MP SENDS AN SOS FOR A BETTER KEMPSEY ROAD DEAL AT LOWER CREEK

MP SENDS AN SOS FOR A BETTER KEMPSEY ROAD DEAL AT LOWER CREEK

Northern Tablelands MP Adam Marshall, left, made a request to Acting Deputy Premier Paul Toole this week for some technical assistance for Armidale Regional Council to repair Kempsey Road.

 

Thursday, 15 October 2020

 

MEMBER for Northern Tablelands Adam Marshall has used a speech in NSW Parliament this week to call for urgent State Government expertise to ensure that the Armidale Kempsey Road through Lower Creek is rebuilt after king-hits of drought, bushfire and flood effectively wrecked the road earlier this year.

 

The 60-kilometre long, mostly unsealed road links Armidale to Kempsey, as well as servicing a number of farms and tourism businesses.  The area along the road is a magnet for day trippers and campers keen to enjoy the stunning river valley scenery.

 

Mr Marshall met on-site with Lower Creek residents and Armidale Regional Council’s Interim Administrator Viv May and Acting General Manager John Rayner this week, all agreeing the road condition and maintenance has fallen short through lack of expertise and funding over the past 11 years of council ownership.

 

“This road has been a real burr under the saddle for the long-suffering residents along the road, particularly those in the Lower Creek area,” Mr Marshall said.

 

“They feel, quite rightly, that the world has forgotten them because they are in a remote area between the electorates of Northern Tablelands and Oxley, between the boundary of the Armidale Regional Council local government area and the Kempsey shire local government area.

 

“The residents of Lower Creek live at the bottom of Kempsey Road.
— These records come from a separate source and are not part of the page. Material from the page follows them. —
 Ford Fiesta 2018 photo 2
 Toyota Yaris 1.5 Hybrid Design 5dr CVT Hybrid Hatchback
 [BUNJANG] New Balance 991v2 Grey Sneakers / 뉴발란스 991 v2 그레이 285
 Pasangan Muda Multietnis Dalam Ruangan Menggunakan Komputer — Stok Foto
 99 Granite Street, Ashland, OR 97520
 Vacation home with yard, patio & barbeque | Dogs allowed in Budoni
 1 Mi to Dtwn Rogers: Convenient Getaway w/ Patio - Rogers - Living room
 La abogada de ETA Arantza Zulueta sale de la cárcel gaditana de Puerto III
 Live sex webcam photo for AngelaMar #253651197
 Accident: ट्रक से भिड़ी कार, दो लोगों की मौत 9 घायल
Kempsey Road used to be a regional road under the road classification system, until 2009 when the former Government – at the stroke of a pen and without notice—handed the road back to the then Armidale Dumaresq Council, with no money and no notice, and said, ‘It’s all yours, guys; good luck’.

 

“Unfortunately, and with respect, the road was simply beyond the ability, and the financial means, of the council to look after.”

 

Mr Marshall said that after 11 years, the road is in a worse condition today than the day it was handed it to the council, despite the allocation in recent years of significant funding to upgrade the road.

 

“In the past couple of years councils received $4.6 million through the Fixing Country Roads program to fix the big hill section; $500,000 from the Federal Government’s Drought Communities Program for the Oakey River stage of the road; $440,000 from the Fixing Country Roads program round one; and $212,000 from the Federal Stronger Regions Fund,” he said.

 

“Last year a substantial amount of those grant monies had been spent before bushfires raged through the Jeogla and Lower Creek areas, followed shortly afterwards by a massive deluge of rain and flooding, which washed away much of the preliminary roadworks, including bitumen seal.

 

“Now council is trying, with very limited engineering expertise within its ranks – with respect to the council – to reinstate the road to its pre-fire and storm damage and then resume expending some of the grant money.”

 

Mr Marshall will work with the council to firstly remove the restrictions and get heavy vehicles and high-mass vehicles back on the road, and ensure there is engineering support for the council to manage the project properly.

 

“I have approached the Minister for Regional Transport and Roads Paul Toole and requested that Transport for NSW allows one of its engineers to be seconded to Armidale Regional Council to be a project manager,” Mr Marshall said.

 

“It is important that council has the expertise to properly use the grant money so that we are not wasting taxpayer money and getting another poor result for the community.

 

“Secondly, at the last election the Government committed to retake Kempsey Road for the State road network and to reclassify it as a regional road as it should have always remained.

 

“That process will take approximately 12 months, but in the meantime I want someone from Transport for NSW running this project because after that time it is going to be an asset of the State.

 

“I will not stop until it is upgraded and the people of Lower Creek get what they deserve, which is quality road access in and out of their place of residence.”